[Records drawn from a dataset]
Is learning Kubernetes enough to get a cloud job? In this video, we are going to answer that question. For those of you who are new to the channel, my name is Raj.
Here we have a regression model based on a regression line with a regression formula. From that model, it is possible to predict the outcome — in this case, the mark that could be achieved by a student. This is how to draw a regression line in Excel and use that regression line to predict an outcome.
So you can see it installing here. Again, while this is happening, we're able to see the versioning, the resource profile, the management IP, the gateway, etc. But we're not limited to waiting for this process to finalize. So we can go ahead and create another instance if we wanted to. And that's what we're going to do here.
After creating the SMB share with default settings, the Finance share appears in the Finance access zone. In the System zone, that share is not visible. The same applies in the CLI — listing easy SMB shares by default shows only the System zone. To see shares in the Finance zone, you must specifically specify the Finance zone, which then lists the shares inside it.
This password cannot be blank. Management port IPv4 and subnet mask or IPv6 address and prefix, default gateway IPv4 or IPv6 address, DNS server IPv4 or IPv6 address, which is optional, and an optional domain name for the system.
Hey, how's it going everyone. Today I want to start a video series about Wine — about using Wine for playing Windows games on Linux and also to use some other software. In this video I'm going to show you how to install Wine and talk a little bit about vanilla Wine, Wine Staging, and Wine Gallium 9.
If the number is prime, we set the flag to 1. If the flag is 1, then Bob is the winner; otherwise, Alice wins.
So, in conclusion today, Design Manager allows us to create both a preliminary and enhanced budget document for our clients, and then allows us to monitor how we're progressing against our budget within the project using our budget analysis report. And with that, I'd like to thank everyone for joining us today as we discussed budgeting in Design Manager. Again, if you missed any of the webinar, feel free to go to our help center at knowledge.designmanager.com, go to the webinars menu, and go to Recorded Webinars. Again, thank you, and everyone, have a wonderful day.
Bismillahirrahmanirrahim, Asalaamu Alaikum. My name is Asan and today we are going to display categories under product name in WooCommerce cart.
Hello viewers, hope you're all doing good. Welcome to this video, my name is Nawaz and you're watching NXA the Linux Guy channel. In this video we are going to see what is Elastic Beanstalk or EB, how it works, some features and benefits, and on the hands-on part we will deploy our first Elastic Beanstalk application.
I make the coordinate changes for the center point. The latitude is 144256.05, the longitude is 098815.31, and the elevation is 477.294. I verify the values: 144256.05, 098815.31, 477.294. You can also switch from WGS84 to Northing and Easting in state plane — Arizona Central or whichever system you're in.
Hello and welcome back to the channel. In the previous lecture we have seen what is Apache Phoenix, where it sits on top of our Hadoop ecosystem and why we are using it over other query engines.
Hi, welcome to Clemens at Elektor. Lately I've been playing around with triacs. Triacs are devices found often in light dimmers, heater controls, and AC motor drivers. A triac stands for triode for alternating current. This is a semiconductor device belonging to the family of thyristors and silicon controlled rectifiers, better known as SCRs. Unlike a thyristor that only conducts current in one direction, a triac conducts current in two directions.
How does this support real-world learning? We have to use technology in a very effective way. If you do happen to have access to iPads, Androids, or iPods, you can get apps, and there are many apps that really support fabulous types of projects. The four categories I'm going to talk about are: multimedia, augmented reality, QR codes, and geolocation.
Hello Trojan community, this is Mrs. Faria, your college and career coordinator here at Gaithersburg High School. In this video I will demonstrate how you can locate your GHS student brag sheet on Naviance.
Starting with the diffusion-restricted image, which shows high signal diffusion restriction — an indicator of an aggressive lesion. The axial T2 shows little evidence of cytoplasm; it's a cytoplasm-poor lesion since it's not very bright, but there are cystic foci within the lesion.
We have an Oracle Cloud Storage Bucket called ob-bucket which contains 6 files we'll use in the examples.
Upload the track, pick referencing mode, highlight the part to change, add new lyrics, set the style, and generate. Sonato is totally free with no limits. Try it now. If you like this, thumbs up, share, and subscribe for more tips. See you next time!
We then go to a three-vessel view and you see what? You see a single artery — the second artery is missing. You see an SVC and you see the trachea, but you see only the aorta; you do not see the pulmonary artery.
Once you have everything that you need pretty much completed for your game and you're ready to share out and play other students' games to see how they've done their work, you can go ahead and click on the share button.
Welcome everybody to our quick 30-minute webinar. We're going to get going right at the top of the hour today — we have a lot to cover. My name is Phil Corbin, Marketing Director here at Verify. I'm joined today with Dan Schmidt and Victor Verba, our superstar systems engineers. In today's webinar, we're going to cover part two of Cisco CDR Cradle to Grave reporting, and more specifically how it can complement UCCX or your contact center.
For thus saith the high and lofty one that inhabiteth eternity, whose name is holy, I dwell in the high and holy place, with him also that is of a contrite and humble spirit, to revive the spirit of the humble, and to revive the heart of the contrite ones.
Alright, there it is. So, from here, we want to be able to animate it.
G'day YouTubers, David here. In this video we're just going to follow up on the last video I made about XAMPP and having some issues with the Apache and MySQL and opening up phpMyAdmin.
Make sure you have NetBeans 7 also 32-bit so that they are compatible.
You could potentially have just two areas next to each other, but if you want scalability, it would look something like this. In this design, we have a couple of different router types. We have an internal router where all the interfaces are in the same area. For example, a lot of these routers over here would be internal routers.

• **EXERCISE AIM**
In this exercise, the data above is to be printed exactly.

• **TASK SOLUTION**
Is learning Kubernetes enough to get a cloud job? In this video, we are going to answer that question. For those of you who are new to the channel, my name is Raj.
Here we have a regression model based on a regression line with a regression formula. From that model, it is possible to predict the outcome — in this case, the mark that could be achieved by a student. This is how to draw a regression line in Excel and use that regression line to predict an outcome.
So you can see it installing here. Again, while this is happening, we're able to see the versioning, the resource profile, the management IP, the gateway, etc. But we're not limited to waiting for this process to finalize. So we can go ahead and create another instance if we wanted to. And that's what we're going to do here.
After creating the SMB share with default settings, the Finance share appears in the Finance access zone. In the System zone, that share is not visible. The same applies in the CLI — listing easy SMB shares by default shows only the System zone. To see shares in the Finance zone, you must specifically specify the Finance zone, which then lists the shares inside it.
This password cannot be blank. Management port IPv4 and subnet mask or IPv6 address and prefix, default gateway IPv4 or IPv6 address, DNS server IPv4 or IPv6 address, which is optional, and an optional domain name for the system.
Hey, how's it going everyone. Today I want to start a video series about Wine — about using Wine for playing Windows games on Linux and also to use some other software. In this video I'm going to show you how to install Wine and talk a little bit about vanilla Wine, Wine Staging, and Wine Gallium 9.
If the number is prime, we set the flag to 1. If the flag is 1, then Bob is the winner; otherwise, Alice wins.
So, in conclusion today, Design Manager allows us to create both a preliminary and enhanced budget document for our clients, and then allows us to monitor how we're progressing against our budget within the project using our budget analysis report. And with that, I'd like to thank everyone for joining us today as we discussed budgeting in Design Manager. Again, if you missed any of the webinar, feel free to go to our help center at knowledge.designmanager.com, go to the webinars menu, and go to Recorded Webinars. Again, thank you, and everyone, have a wonderful day.
Bismillahirrahmanirrahim, Asalaamu Alaikum. My name is Asan and today we are going to display categories under product name in WooCommerce cart.
Hello viewers, hope you're all doing good. Welcome to this video, my name is Nawaz and you're watching NXA the Linux Guy channel. In this video we are going to see what is Elastic Beanstalk or EB, how it works, some features and benefits, and on the hands-on part we will deploy our first Elastic Beanstalk application.
I make the coordinate changes for the center point. The latitude is 144256.05, the longitude is 098815.31, and the elevation is 477.294. I verify the values: 144256.05, 098815.31, 477.294. You can also switch from WGS84 to Northing and Easting in state plane — Arizona Central or whichever system you're in.
Hello and welcome back to the channel. In the previous lecture we have seen what is Apache Phoenix, where it sits on top of our Hadoop ecosystem and why we are using it over other query engines.
Hi, welcome to Clemens at Elektor. Lately I've been playing around with triacs. Triacs are devices found often in light dimmers, heater controls, and AC motor drivers. A triac stands for triode for alternating current. This is a semiconductor device belonging to the family of thyristors and silicon controlled rectifiers, better known as SCRs. Unlike a thyristor that only conducts current in one direction, a triac conducts current in two directions.
How does this support real-world learning? We have to use technology in a very effective way. If you do happen to have access to iPads, Androids, or iPods, you can get apps, and there are many apps that really support fabulous types of projects. The four categories I'm going to talk about are: multimedia, augmented reality, QR codes, and geolocation.
Hello Trojan community, this is Mrs. Faria, your college and career coordinator here at Gaithersburg High School. In this video I will demonstrate how you can locate your GHS student brag sheet on Naviance.
Starting with the diffusion-restricted image, which shows high signal diffusion restriction — an indicator of an aggressive lesion. The axial T2 shows little evidence of cytoplasm; it's a cytoplasm-poor lesion since it's not very bright, but there are cystic foci within the lesion.
We have an Oracle Cloud Storage Bucket called ob-bucket which contains 6 files we'll use in the examples.
Upload the track, pick referencing mode, highlight the part to change, add new lyrics, set the style, and generate. Sonato is totally free with no limits. Try it now. If you like this, thumbs up, share, and subscribe for more tips. See you next time!
We then go to a three-vessel view and you see what? You see a single artery — the second artery is missing. You see an SVC and you see the trachea, but you see only the aorta; you do not see the pulmonary artery.
Once you have everything that you need pretty much completed for your game and you're ready to share out and play other students' games to see how they've done their work, you can go ahead and click on the share button.
Welcome everybody to our quick 30-minute webinar. We're going to get going right at the top of the hour today — we have a lot to cover. My name is Phil Corbin, Marketing Director here at Verify. I'm joined today with Dan Schmidt and Victor Verba, our superstar systems engineers. In today's webinar, we're going to cover part two of Cisco CDR Cradle to Grave reporting, and more specifically how it can complement UCCX or your contact center.
For thus saith the high and lofty one that inhabiteth eternity, whose name is holy, I dwell in the high and holy place, with him also that is of a contrite and humble spirit, to revive the spirit of the humble, and to revive the heart of the contrite ones.
Alright, there it is. So, from here, we want to be able to animate it.
G'day YouTubers, David here. In this video we're just going to follow up on the last video I made about XAMPP and having some issues with the Apache and MySQL and opening up phpMyAdmin.
Make sure you have NetBeans 7 also 32-bit so that they are compatible.
You could potentially have just two areas next to each other, but if you want scalability, it would look something like this. In this design, we have a couple of different router types. We have an internal router where all the interfaces are in the same area. For example, a lot of these routers over here would be internal routers.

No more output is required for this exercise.